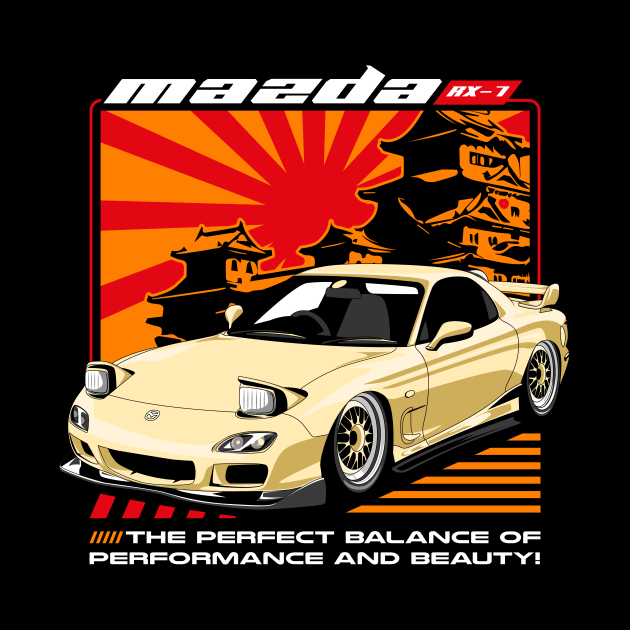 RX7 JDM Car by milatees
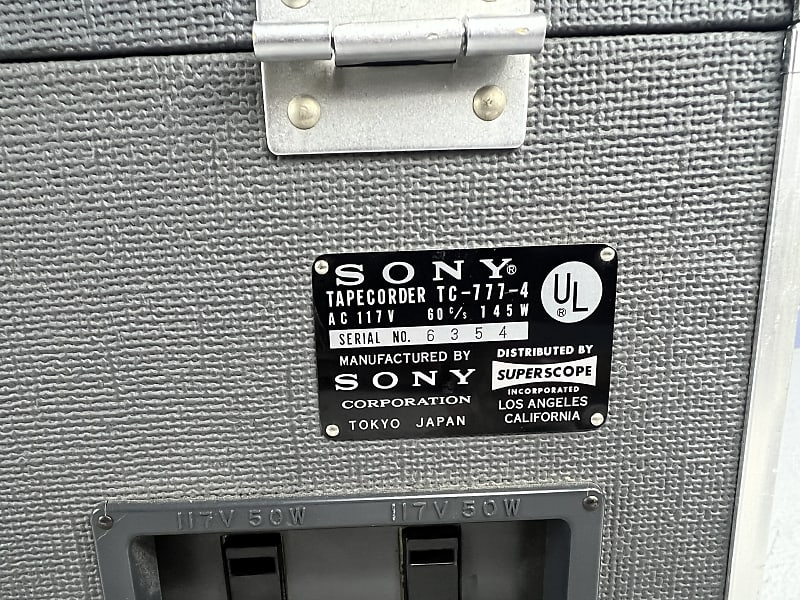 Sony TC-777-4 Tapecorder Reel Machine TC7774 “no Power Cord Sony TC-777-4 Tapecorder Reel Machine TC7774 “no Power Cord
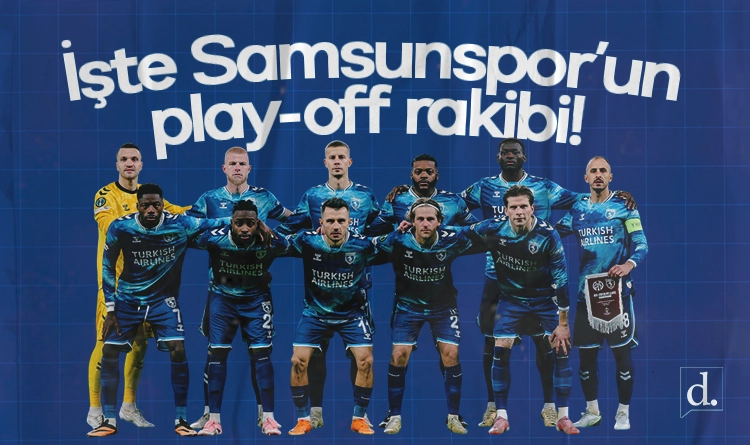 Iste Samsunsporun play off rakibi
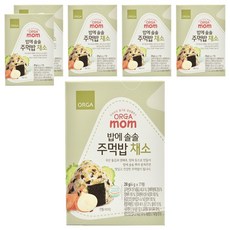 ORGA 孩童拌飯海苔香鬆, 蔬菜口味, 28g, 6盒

━━━━━━━━━━━━━━━━━━━━

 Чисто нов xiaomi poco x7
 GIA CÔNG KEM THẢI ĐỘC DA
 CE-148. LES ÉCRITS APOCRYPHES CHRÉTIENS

━━━━━━━━━━━━━━━━━━━━

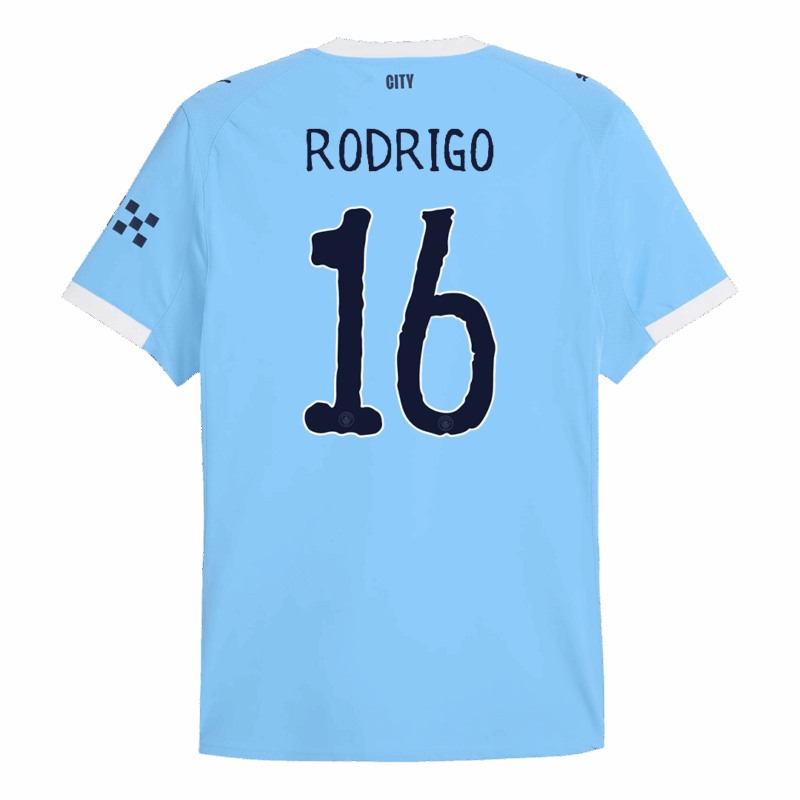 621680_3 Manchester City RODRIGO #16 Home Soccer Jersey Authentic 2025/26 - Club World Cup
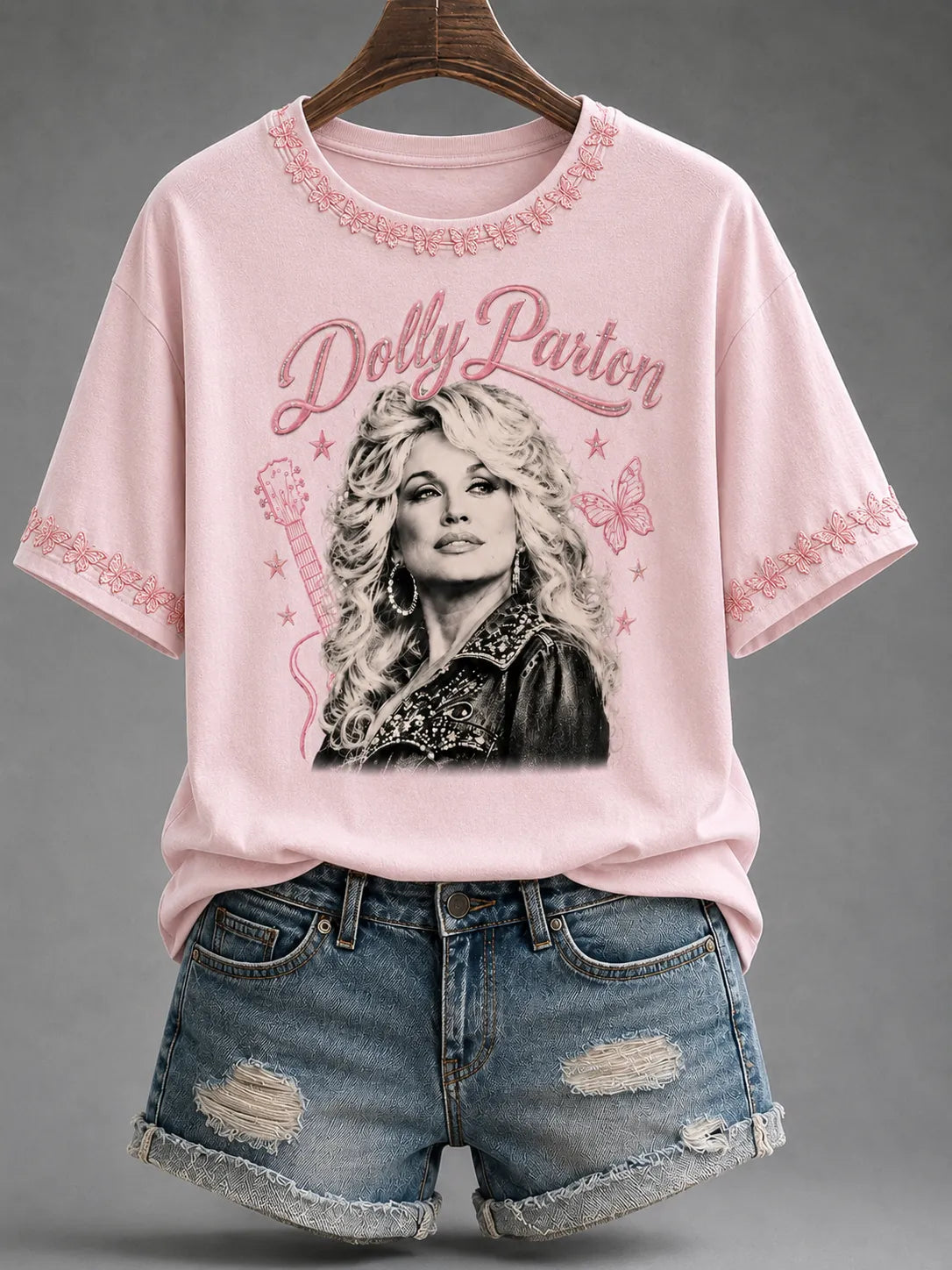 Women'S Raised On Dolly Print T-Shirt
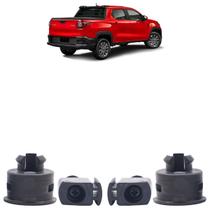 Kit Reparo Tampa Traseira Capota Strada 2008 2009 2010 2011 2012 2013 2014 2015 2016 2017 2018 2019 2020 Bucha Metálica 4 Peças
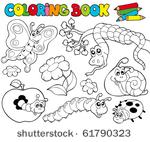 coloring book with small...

━━━━━━━━━━━━━━━━━━━━

§ **YOUR OBJECTIVE**
Write out word for word the lines above that run from the one with "RX7 JDM Car by milatees" to the one with "ORGA 孩童拌飯海苔香鬆, 蔬菜口味, 28g, 6盒". Include both end lines; exclude the images.

§ **RESPONSE TO THIS EXERCISE**
 RX7 JDM Car by milatees
 Sony TC-777-4 Tapecorder Reel Machine TC7774 “no Power Cord Sony TC-777-4 Tapecorder Reel Machine TC7774 “no Power Cord
 Iste Samsunsporun play off rakibi
 ORGA 孩童拌飯海苔香鬆, 蔬菜口味, 28g, 6盒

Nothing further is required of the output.